Assistant Professor, Developmental Biology

B.A., Princeton University

Ph.D., Stanford University

A striking feature of the nervous system is its continual adaptation to environmental cues throughout the lifespan of an animal. Environmental stimuli trigger changes in neuronal activity that, in turn, induce transcriptional programs controlling adaptive modifications to neuronal circuitry. Stimulus-induced transcription is, however, a risky endeavor. During transcription, DNA is cut, unwound, and reannealed in a process that has the potential to create mutations. Across a lifetime, a neuron may undergo this process millions of times. How do animals balance the benefits of inducible transcription for plasticity with the intrinsic risks it poses to their genetic code? Our knowledge of genome integrity derives primarily from dividing cells grown in culture conditions.
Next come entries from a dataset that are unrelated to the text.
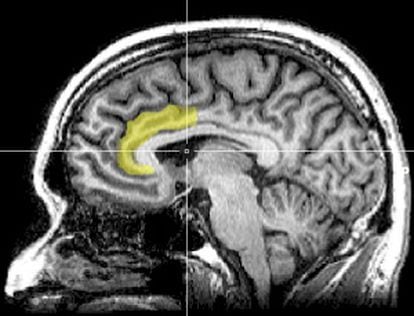 Neuroimagen sagital del cerebro humano mostrando en color amarillo la circunvolución cingulada anterior, un área que ha sido relacionada con la orientación ideológica de las personas.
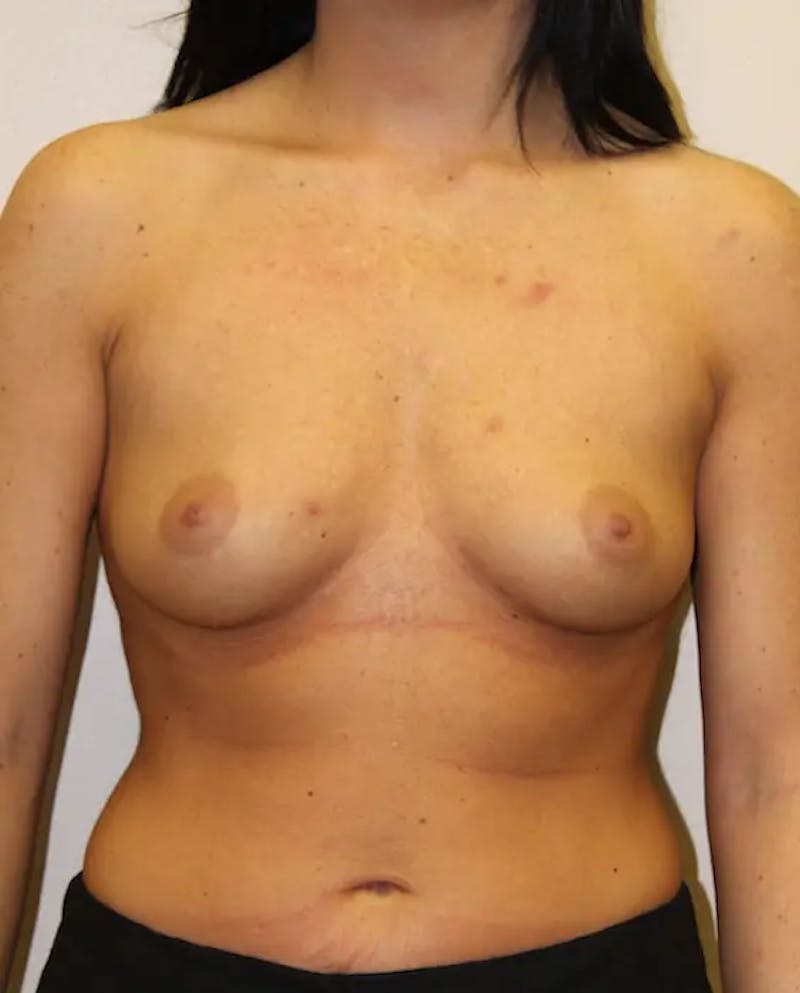 Breast Augmentation Before & After Gallery - Patient 249920 - Image 1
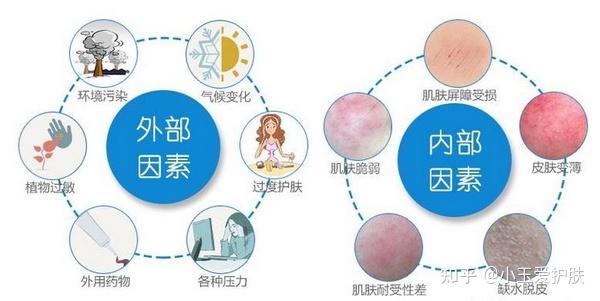 别敏感过敏傻傻分不清楚了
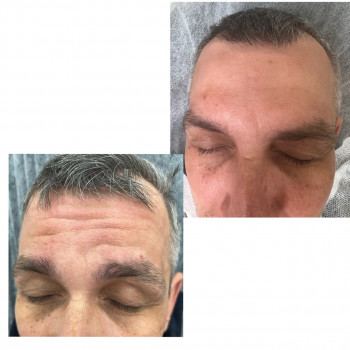 Наталья Грицай, Днепр Фото - 95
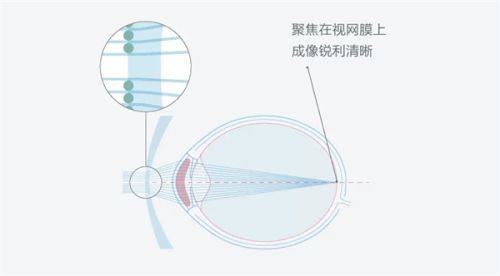 驻马店尖峰眼科医院靠谱吗？医院资质优规模大、专家多案例好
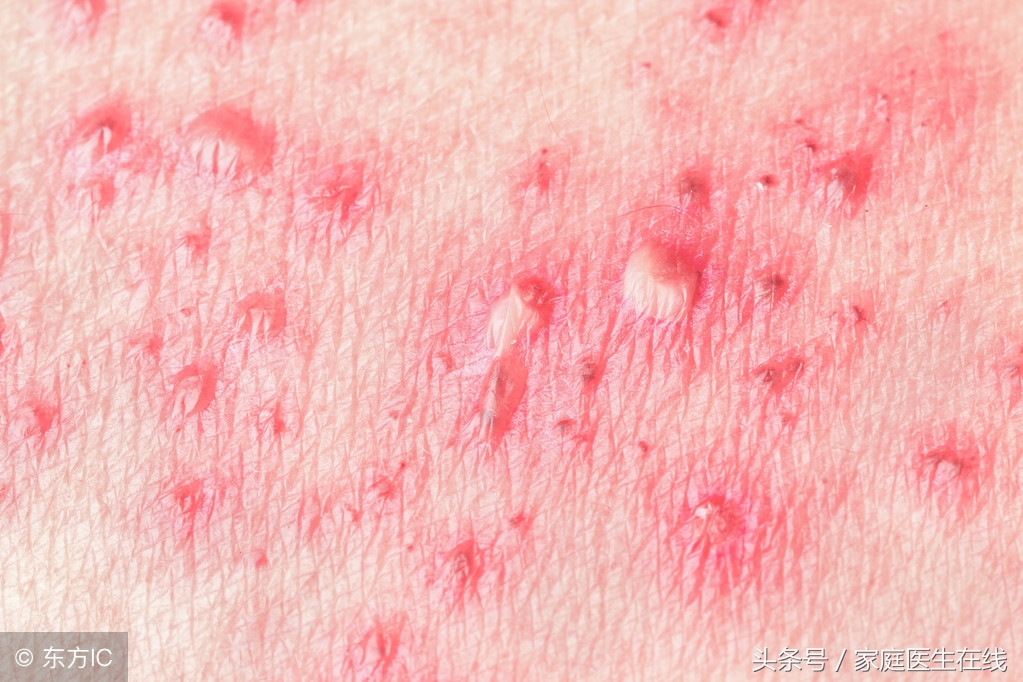 带状疱疹如何好得快,如何让带状疱疹好得更快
We lack a fundamental understanding of how neurons repair genomic insults in vivo and how the dynamic stimuli neurons receive further impinge on the genome. The Pollina Lab leverages tools and techniques from neuroscience, epigenetics, and DNA repair to advance our knowledge of genome fidelity in the nervous system. We characterize the pathways downstream of external signaling cues that preserve neuronal genomes in short- versus long-lived species. We examine how lifestyle factors, such as diet and sleep, impact signal-dependent transcription and genome repair across time. Ultimately, we aim to use this knowledge to design strategies that prevent or even correct molecular damage in aged and diseased neurons.